USING THE DYSON EXPANDERv1.4 (acts as a DolbyA DECODER)

 

Whenever the term ‘expander’ is used, it is meant that this expander can do a good job of decoding DolbyA encoded material.

 

THIS RELEASE IS A MAJOR QUALITY IMPROVEMENT OVER ANY PREVIOUS VERSION.  The primary benefit is the fully implemented anti-hash.

 

NEW FEATURES from 1.3 to 1.4:

Added extreme anti-intermod to the 80-3k channel.  Special filtering without losing any response between 80-3k.   This extreme anti-intermod code is disjoint from the anti-hash code, but utilizes the anti-hash code when it is enabled.  The extreme anti-intermod code is enabled at –ai=high and –ai=max.

 

Added stronger anti-hash code and a switch to disable (--ah=off)  The stronger anti-hash code is most noticeable on strong female voices or male voices with some sibilance.   The anti-hash code is normally enabled except when the anti-intermod is totally disabled (when the –ai=none or –ai=off switches are used, then the –ah switch doesn’t do anything – the anti-hash is fully disabled when anti-intermod is fully disabled.)

 

BUGFIXES from 1.3 to 1.4:

Opened up some frequency ranges which were somewhat de-emphasized.   The 3-9kHz band was being rolled off at 13.5kHz, which was too low because of the wide filters being used for DolbyA emulation.  So, the filters for anti-aliasing in the 3-9kHz band were extended fully to 20.5kHz.   There is still significant (and of critical importance) filtering on the low side of the band (both 3-9kHz and 9kHz-20.5kHz.)

 

This is NOT meant to be a replacement for a true DolbyA, but for convenience when material on a computer appears to be DolbyA encoded.  The name Dolby is probably owned by Dolby Labs, and absolutely no proprietary material resides in the expander code base.

 

This design results from an initial inference as to what is necessary to implement, then further/exhaustive listening tests to narrow down the exact parameters.  Thank God that my hearing is mostly intact (except for about about 13-14kHz), and enabled me (along with some wonderful help) to make the tuning as accurate as it is.

 

Copyright 2018, John S Dyson.

Copying is allowed, and any inclusion in a commercial product requires my copyright and my statement of permission.

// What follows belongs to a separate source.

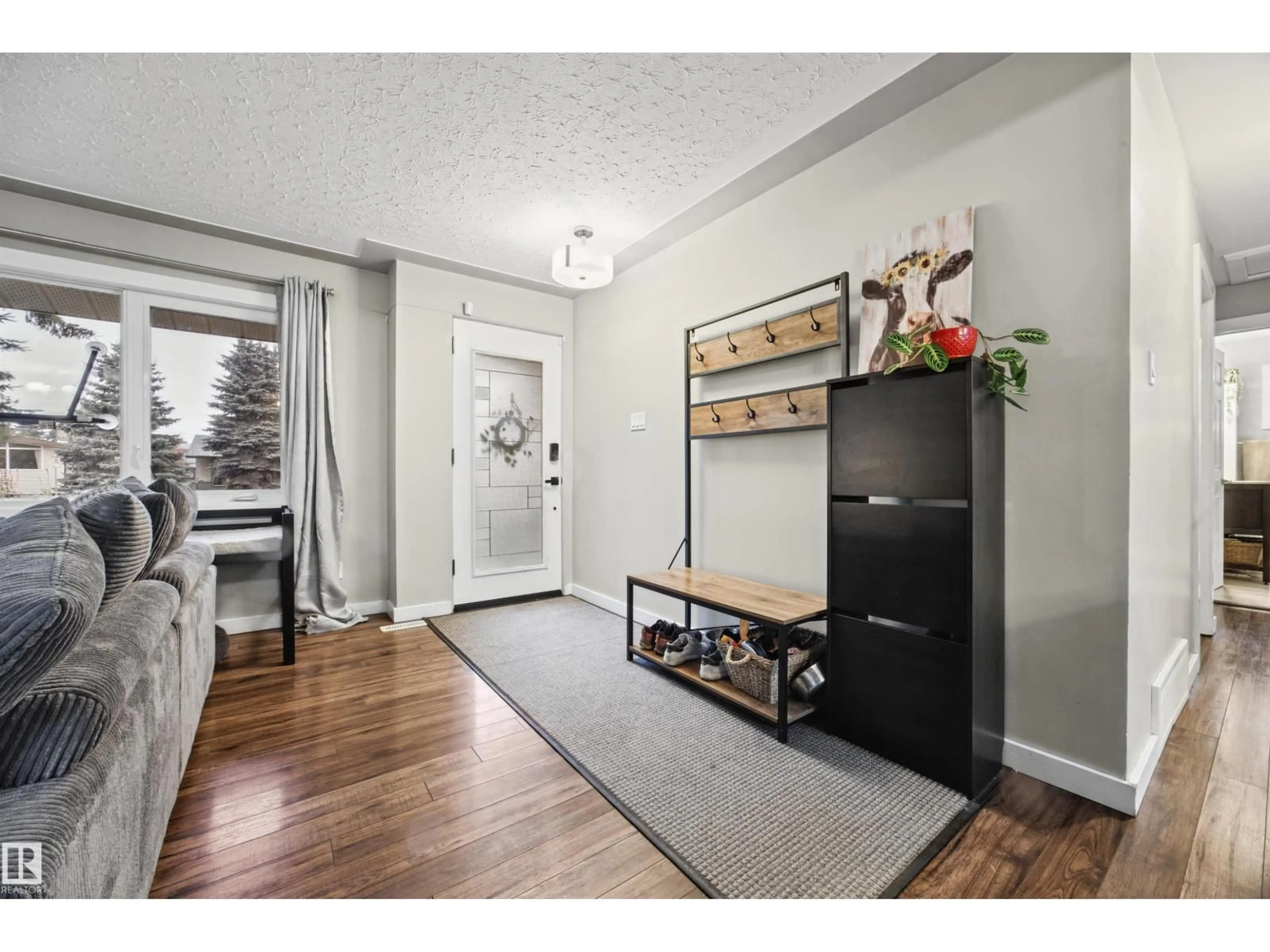 Indoor entryway for 10235 FULTON RD, Edmonton Alberta T6A3T5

Attribution must be given to the recording engineer who has helped so very much – I cannot divulge his name without permission, and will do so when I can in an appropriate way.

 

People using this commercially should donate a little to help with the effort.  There is going to be a DolbySR effort soon, and need some more resources to complete that task.  The level of complexity of DolbySR is much more complex than DolbyA, which is more complex than either DolbyC or DolbyB.

 

This program is currently command line only – a gui wrapper could be developed, and the processing code could be included into a plugin, but I haven’t decided which platform where I want to do the plugin yet…  This program is fairly CPU intensive, and goes far beyond a basic decoder WRT quality matters.  After the usage info, there will be an explanation about what is going on in the decoder.

 

Program usage:

 

There are current two versions of the windows program:  da-win and da-avx, both are 64 bit X86 only.  The da-win version will work on most SSE2/3 cpus and da-avx will need AVX2.  The da-win version has been tested on a Silvermont ATOM and the da-avx should work well on Haswell or better (that is a 4000 series CPU.  Will probably work on a 3000 series.)   The program is not multithreaded, so any more than one core gives only minor performance help.

 

Command line (all examples will be for the da-win version, but the da-avx version can be used on appropriate computers);

 

da-win –thresh=-15.50 <inputfile.wav >outputfile.wav

 

Note the simple stdin/stdout command line, but pipes can be used just as easily, and a few examples will be given below.

 

The –thresh=-15.50 is the decoder threshold (a few dB lower than the expander reference tone level), and for commercial recordings is usually in the range of -14.75 to -16.25, while -15.25 to -15.75 are most common.  If the ‘thresh’ is wrong, then the sound will not be right (edgy super highs if too low, weird jerks in the level if too high, some surging if too low.)

 

On a Haswell running at 3.4GHz, it will run approx 3X real-time on a single core.  There are modes where it can run faster, but a cost of quality.

 

 

 

File type: .wav only

Sample rates: 44.1kHz through 192kHz (decoder will attempt to work outside the range)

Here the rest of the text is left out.